The Feasibility Of Expectant Management Versus Induction At 38 Weeks Among Individuals With Gestational Diabetes Mellitus: A Randomized Controlled Pilot Trial
- Conditions
- Gestational Diabetes Mellitus (GDM)
- Registration Number
- NCT06641141
- Lead Sponsor
- Ottawa Hospital Research Institute
- Brief Summary
The EAGER pilot trial is designed to assess the feasibility of a Canadian, multicentre prospective randomized open-label blinded end-point (PROBE) clinical trial addressing whether induction of labour (IOL) at 38 weeks' gestation compared to expectant management (EM) reduces severe perinatal mortality and morbidity among individuals with gestational diabetes mellitus (GDM). Eligible participants will be recruited between 36 weeks + 0 days and 38 weeks + 0 days gestation. Participants will be randomized to one of two arms:
* Intervention Arm: IOL between 38 weeks + 0 days and 38 weeks + 6 days OR
* Control Arm: EM without intervention until spontaneous labour, or earlier if a medical indication arises.

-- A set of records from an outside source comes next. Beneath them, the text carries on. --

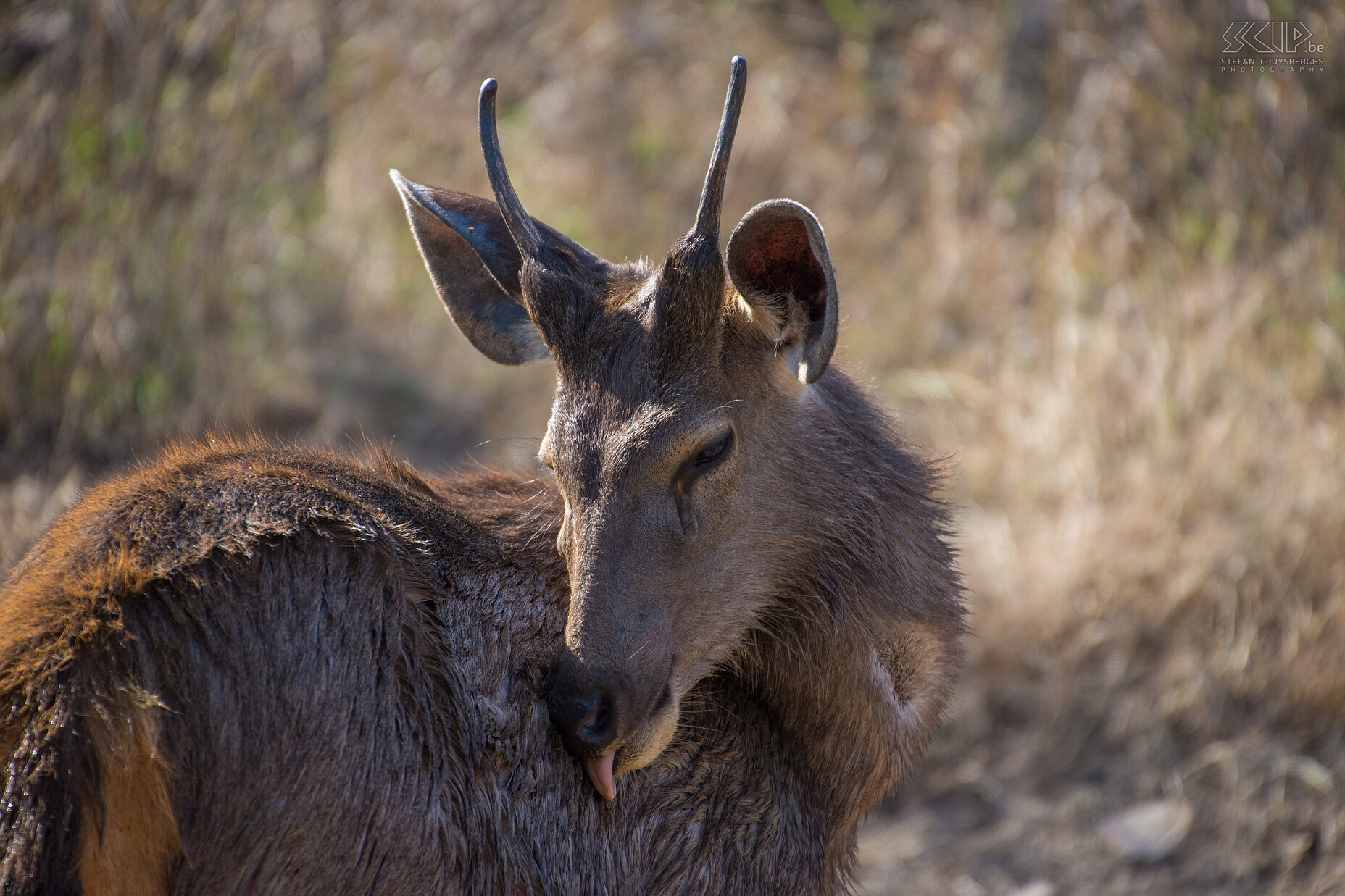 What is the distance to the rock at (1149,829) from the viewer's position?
181 inches

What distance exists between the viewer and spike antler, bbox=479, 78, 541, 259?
324 cm

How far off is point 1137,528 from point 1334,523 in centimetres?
79

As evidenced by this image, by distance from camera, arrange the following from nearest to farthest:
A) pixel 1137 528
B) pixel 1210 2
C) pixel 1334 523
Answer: pixel 1334 523 < pixel 1137 528 < pixel 1210 2

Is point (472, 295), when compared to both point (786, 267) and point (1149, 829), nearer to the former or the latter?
point (786, 267)

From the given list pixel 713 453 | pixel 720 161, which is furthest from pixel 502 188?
pixel 713 453

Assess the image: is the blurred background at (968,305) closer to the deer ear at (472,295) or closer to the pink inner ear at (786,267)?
the deer ear at (472,295)

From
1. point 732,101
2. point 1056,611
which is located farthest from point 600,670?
point 1056,611

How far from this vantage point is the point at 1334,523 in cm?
515

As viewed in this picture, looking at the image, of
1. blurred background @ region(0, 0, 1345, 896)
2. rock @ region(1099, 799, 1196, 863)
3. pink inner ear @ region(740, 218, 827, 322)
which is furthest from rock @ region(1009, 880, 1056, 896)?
pink inner ear @ region(740, 218, 827, 322)

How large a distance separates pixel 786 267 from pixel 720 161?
0.43 m

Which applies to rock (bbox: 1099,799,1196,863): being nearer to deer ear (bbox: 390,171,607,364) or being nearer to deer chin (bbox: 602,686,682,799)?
deer chin (bbox: 602,686,682,799)

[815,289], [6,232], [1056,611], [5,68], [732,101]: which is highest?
[5,68]

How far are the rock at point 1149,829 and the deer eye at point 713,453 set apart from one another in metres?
2.64

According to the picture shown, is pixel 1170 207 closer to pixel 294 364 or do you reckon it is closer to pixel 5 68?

A total of 260 participants (130 per group) will be recruited from Canadian sites, where participants will have 3 study visits:
1. Enrollment and randomization
2. After delivery and up to 72 hours postpartum
3. 6 weeks postpartum At enrollment and randomization, patient-reported baseline and clinical data from medical charts will be collected. Upon admission to hospital for labour and delivery, a blood sample will be collected to assess HbA1C and plasma glucose levels. After delivery and up to 72 hours postpartum, study feasibility will be assessed through patient-reported outcomes and administrative and clinical data. At 6 weeks postpartum, participants will be surveyed for secondary health resource use. Findings from this pilot will inform the design, implementation and feasibility of a future full-scale randomized controlled trial.
- Detailed Description
Not available
Recruitment & Eligibility
- Status
- RECRUITING
- Sex
- Female
- Target Recruitment
- 260
- Diagnosis of GDM after 24 weeks of gestation, based on documented 1-step or 2-step screening and diagnostic tests for GDM.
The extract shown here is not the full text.